Kameron Hurley: Fear, Procrastination, and the Thorny Problem of Demanding What You’re Worth

Locus Magazine, Science Fiction FantasyFear often masks itself as procrastination.

I’ve been thinking about that statement more as I turn on my computer every morning and stare at my list of tasks for the day, the week, the month, the year. On top of my writing career, I have a full-time job in advertising, and that’s gotten tougher to balance year-over-year. Our time is finite. Jobs eat a lot of it. Once, I would have killed to get the opportunities that I now have to turn down because I just can’t fit them into my schedule. That knowledge makes me feel terrible about… well, everything, and it’s taken me a while to figure out why.
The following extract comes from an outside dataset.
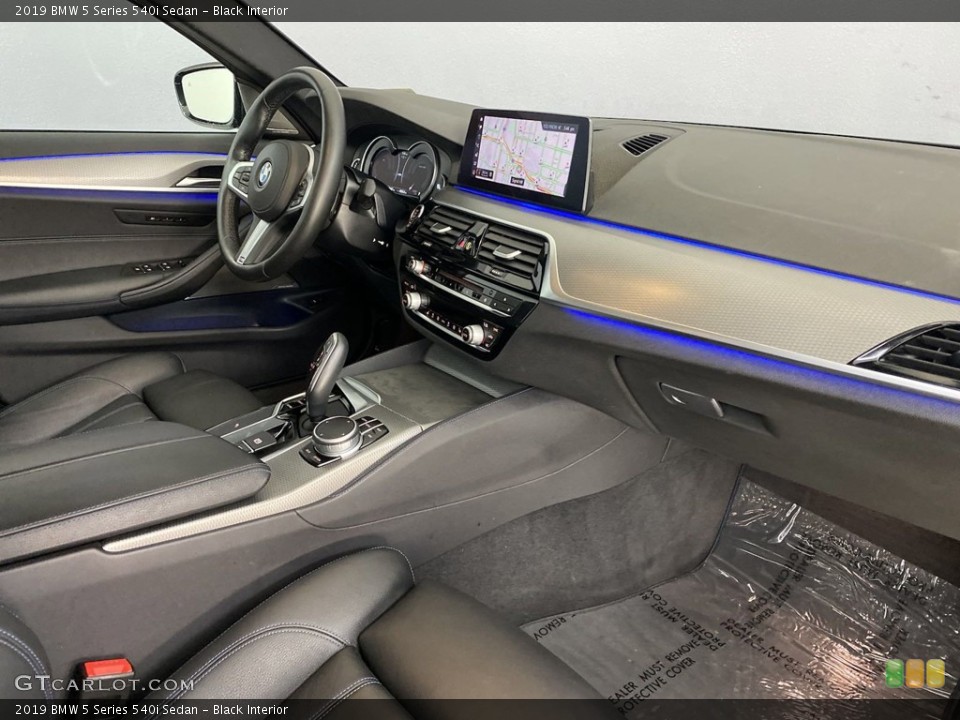 Black Interior Dashboard for the 2019 BMW 5 Series 540i Sedan #145508232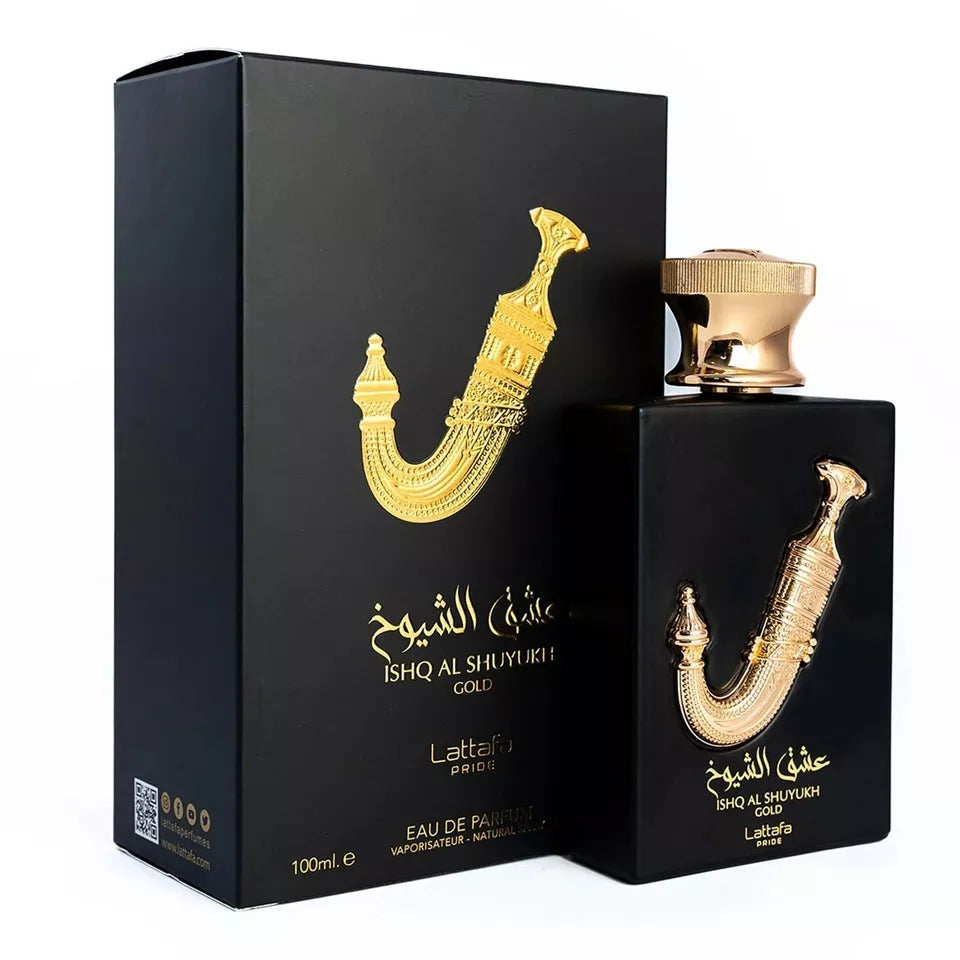Ishq Al Shuyukh Gold 100ml EDP by Lattafa Pride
Even no longer saying ‘‘yes’’ to everything is a step in the right direction, for me. It took several terrible failures to hit deadlines, and some cancelled appearances, before I realized I couldn’t physically perform my writing on a dime like I used to. As a newer writer, I wasn’t as aware of structural story problems as I am now. That makes it tougher to turn in work that I personally consider sub-par. It’s as if there’s an inverse relationship between my standards and the amount of work I’m able to put out every year.

Yet even as I write this, I keep coming back to that phrase, ‘‘Fear masks itself as procrastination.’’
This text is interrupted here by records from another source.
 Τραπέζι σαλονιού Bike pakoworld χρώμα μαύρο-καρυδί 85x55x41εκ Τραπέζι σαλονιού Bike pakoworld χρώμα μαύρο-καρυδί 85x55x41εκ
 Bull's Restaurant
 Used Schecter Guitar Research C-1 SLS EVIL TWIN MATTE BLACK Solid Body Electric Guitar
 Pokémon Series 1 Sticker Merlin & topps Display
One of the things no one tells you as a new writer is what to do when the financial success of your first book, your first three books, your first dozen books, don’t give you the ability to write full-time. If I had any other way to get affordable, reliable health insurance I would be planning to pack it all in and just make it work. But our government is currently a hot disaster, and it’s impossible to plan for a future when your access to that health insurance could be snatched away at any moment.
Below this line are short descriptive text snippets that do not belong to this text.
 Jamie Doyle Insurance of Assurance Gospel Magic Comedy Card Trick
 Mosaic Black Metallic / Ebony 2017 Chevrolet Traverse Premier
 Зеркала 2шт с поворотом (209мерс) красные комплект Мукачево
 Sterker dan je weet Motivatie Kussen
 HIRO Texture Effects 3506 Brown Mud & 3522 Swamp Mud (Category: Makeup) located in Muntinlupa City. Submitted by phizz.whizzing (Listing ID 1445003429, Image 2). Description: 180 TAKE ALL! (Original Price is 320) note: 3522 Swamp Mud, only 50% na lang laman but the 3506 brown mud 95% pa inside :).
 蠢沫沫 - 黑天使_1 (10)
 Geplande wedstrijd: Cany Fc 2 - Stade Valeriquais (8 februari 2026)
So here I am, scrabbling with ever growing piles of words.

And living in fear.

Fear of what, though? That’s what I keep coming back to. If procrastination, if my steaming heaps of deadlines, are about fear, what am I so afraid of?

I have seen the very best and the very worst that the publishing world has to offer. I’ve had contracts cancelled, publishers sold, books tank. I’ve also had books earn out good advances, receive many awards, and seen the faces of readers whose lives were changed by reading my work. If I’ve seen the best and the worst, one would think there wasn’t much more that I could fear. Issues like obscurity, being forgotten, one’s work erased, are largely out of my control. So that can’t be it either. Perhaps it is the simple fear that my work won’t get better and better. It’s the fear that the work will get worse, or that my abilities as a writer have peaked. Maybe, after six years of publishing novels, this is as good as it gets.

It’s easy to have mid-life crises early in one’s writing career. In talking to other professionals, we’ve agreed that three years in publishing often feels like a decade of any other career. You experience all the highs and lows, the punishing schedules, the traveling and touring, squeezing out words, the constant busy-ness, in hyper-concentrated bursts. The end of every year feels like five. And as you crawl out of bed again in January, you realize that the next year, you need to get up and do it all over again if you want to stay relevant.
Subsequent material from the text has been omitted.